**Supplied records**
********************
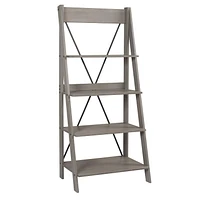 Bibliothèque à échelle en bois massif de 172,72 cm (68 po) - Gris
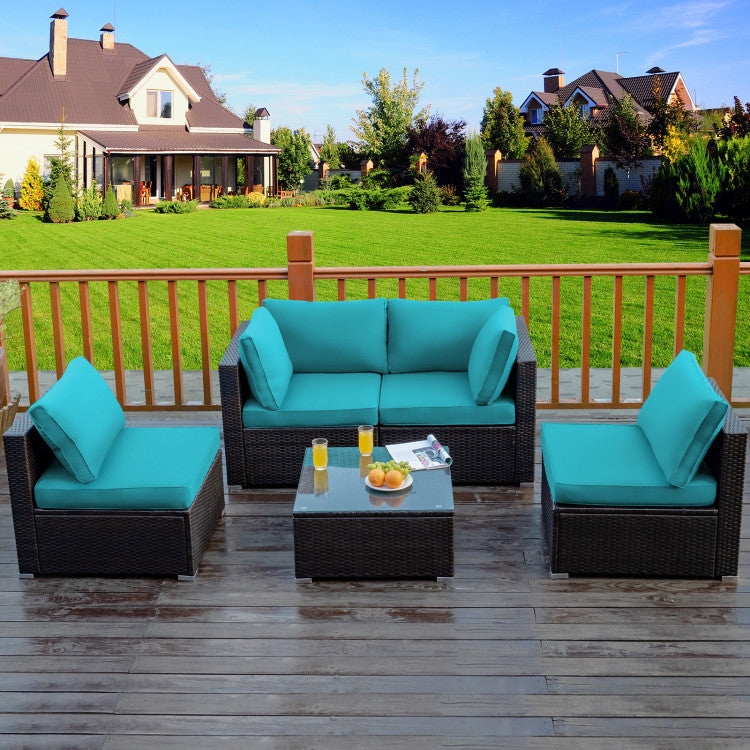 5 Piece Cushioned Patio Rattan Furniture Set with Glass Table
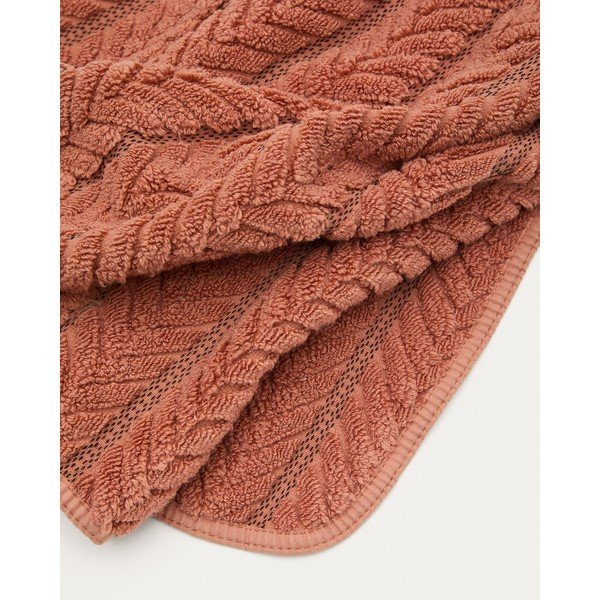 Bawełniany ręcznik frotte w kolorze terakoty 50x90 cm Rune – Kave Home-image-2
********************
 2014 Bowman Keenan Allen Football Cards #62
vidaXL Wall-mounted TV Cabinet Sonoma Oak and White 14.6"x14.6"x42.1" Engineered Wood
********************
Exact copy, pictures excluded: from the line with "Bibliothèque à échelle" up to and including the line with "Bawełniany ręcznik frotte" in the data above.

 Bibliothèque à échelle en bois massif de 172,72 cm (68 po) - Gris
 5 Piece Cushioned Patio Rattan Furniture Set with Glass Table
 Bawełniany ręcznik frotte w kolorze terakoty 50x90 cm Rune – Kave Home-image-2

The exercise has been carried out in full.